» Exercise instructions:
Leave the pictures out, and transcribe the material below exactly from the line with "Lorex Fusion 4K" to the line with "Nugget Ice Makers", both lines included.

» Input material:
──────
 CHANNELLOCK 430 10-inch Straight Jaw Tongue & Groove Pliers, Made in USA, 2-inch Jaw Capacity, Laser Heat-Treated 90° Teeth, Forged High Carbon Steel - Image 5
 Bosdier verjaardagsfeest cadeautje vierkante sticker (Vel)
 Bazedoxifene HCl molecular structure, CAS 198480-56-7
──────
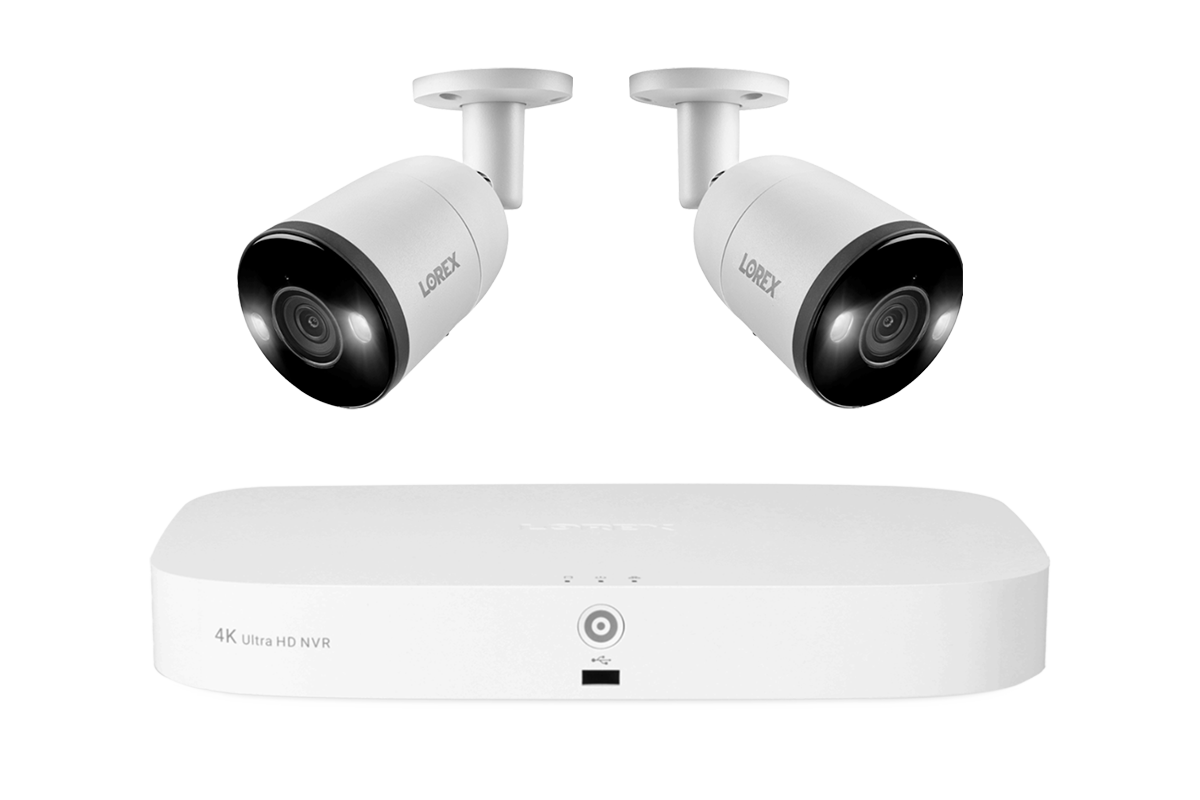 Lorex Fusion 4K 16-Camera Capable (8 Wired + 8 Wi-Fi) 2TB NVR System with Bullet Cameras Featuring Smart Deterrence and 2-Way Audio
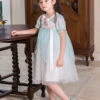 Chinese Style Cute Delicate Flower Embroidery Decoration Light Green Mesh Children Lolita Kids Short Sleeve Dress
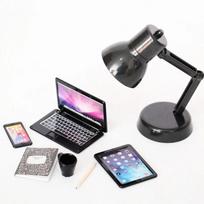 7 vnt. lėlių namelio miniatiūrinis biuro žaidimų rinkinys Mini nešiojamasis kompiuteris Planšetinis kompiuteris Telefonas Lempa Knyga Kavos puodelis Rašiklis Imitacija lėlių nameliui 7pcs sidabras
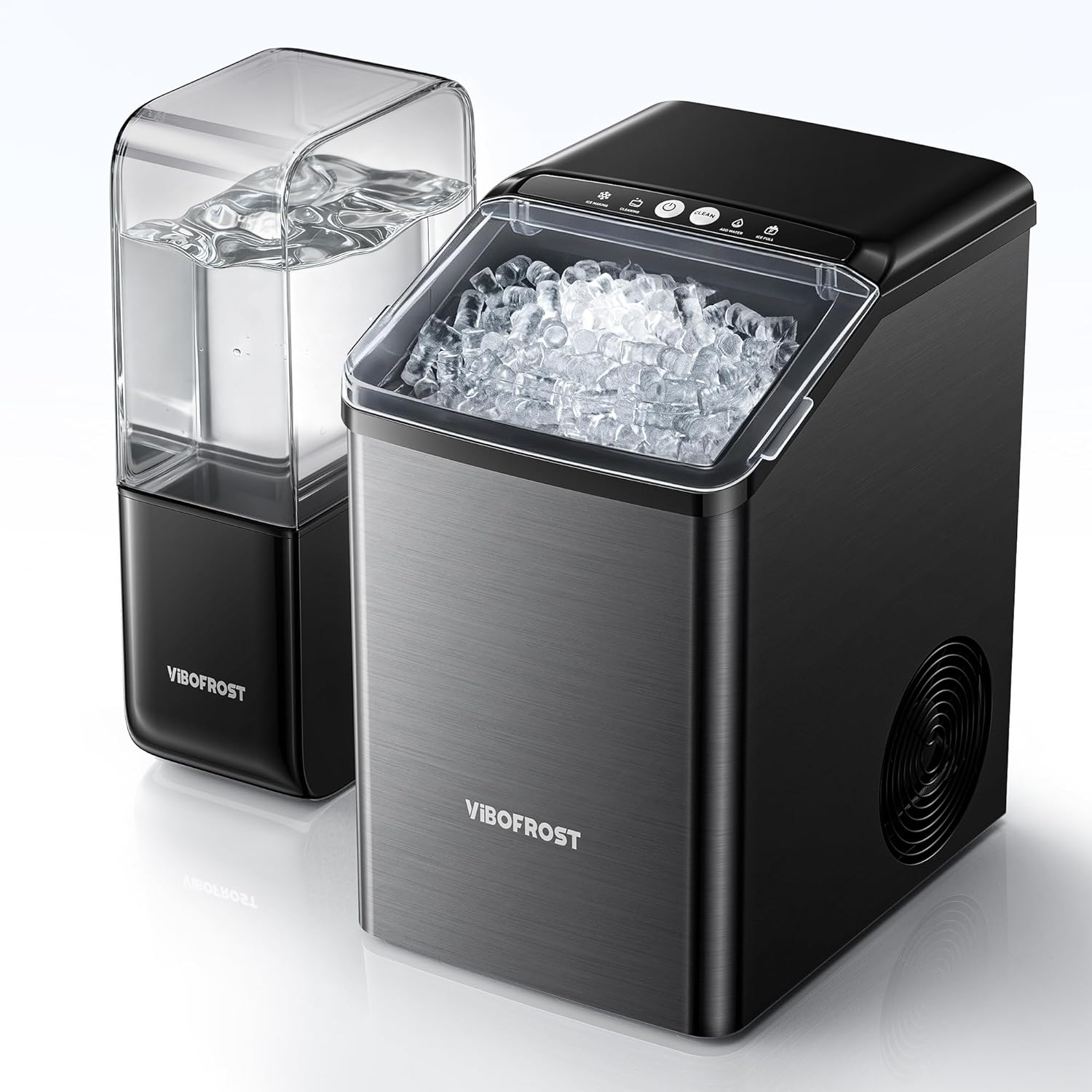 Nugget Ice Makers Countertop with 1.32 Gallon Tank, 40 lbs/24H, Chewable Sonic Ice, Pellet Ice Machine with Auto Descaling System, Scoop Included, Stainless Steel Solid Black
──────
» Reply to the exercise:
 Lorex Fusion 4K 16-Camera Capable (8 Wired + 8 Wi-Fi) 2TB NVR System with Bullet Cameras Featuring Smart Deterrence and 2-Way Audio
 Chinese Style Cute Delicate Flower Embroidery Decoration Light Green Mesh Children Lolita Kids Short Sleeve Dress
 7 vnt. lėlių namelio miniatiūrinis biuro žaidimų rinkinys Mini nešiojamasis kompiuteris Planšetinis kompiuteris Telefonas Lempa Knyga Kavos puodelis Rašiklis Imitacija lėlių nameliui 7pcs sidabras
 Nugget Ice Makers Countertop with 1.32 Gallon Tank, 40 lbs/24H, Chewable Sonic Ice, Pellet Ice Machine with Auto Descaling System, Scoop Included, Stainless Steel Solid Black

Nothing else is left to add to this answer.